In the past, randomly oriented nanotube thin films known as “bucky paper” have been used for making electronic and mechanical devices. However, there remains the tricky issue of aligning the nanotubes to access their properties. The team takes advantage of the concentration gradients in a simple vacuum filtration process, which leads to the formation of nanotube liquid crystal thin films. These consist of millions of self-aligned nanotubes. Scaling up such self-aligned nanotubes may enable the low cost per unit area of nanotube thin films; not only for composites but also for electronic thin film transistor applications.

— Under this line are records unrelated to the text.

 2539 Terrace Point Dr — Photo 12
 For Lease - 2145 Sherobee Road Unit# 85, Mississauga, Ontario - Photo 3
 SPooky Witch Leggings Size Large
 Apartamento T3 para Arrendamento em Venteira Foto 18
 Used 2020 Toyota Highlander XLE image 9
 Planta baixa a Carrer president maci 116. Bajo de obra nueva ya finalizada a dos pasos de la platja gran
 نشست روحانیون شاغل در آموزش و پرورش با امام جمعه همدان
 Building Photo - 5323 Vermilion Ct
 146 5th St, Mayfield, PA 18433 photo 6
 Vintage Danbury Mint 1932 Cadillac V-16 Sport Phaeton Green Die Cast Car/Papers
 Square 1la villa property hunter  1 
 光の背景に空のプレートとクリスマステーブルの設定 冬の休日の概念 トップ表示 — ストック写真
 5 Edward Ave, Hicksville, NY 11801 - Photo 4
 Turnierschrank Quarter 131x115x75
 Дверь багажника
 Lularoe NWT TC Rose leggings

Polymer composites and remote controlled actuators

The team design a layered polymer composite consisting of top and bottom layers of poly-dimethyl siloxane (a low-cost elastomer) with the self-aligned nanotube thin film in between. Schlierien textures are noted suggesting there are highly aligned nanotube domains inside the composites. Mechanical property testing suggests around a 95% change in the elastic modulus at ~0.01 wt%. This suggests that an amount of nanotubes 100 times lower than in competing techniques is used. Near infrared light-driven actuators are also demonstrated with opto-mechanical conversion factors of ~0.5 MPaW-1. This is greater than the stress generated by human skeletal muscles.

Self-aligned nanotube/polymer composites could potentially be fabricated in strands and assembled in such a way to bio-mimic the motion of muscle fibres or create soft photo-origami structures. The team suggest that such self-aligned nanotube thin films with optimized nanotube amounts could potentially make remote controlled actuators at ~80 cents a piece.

More information can be found in the journal Nanotechnology 25 355501.

Further reading

Improving graphene/polymer segregated composites for electromagnetic interference shielding (Mar 2014)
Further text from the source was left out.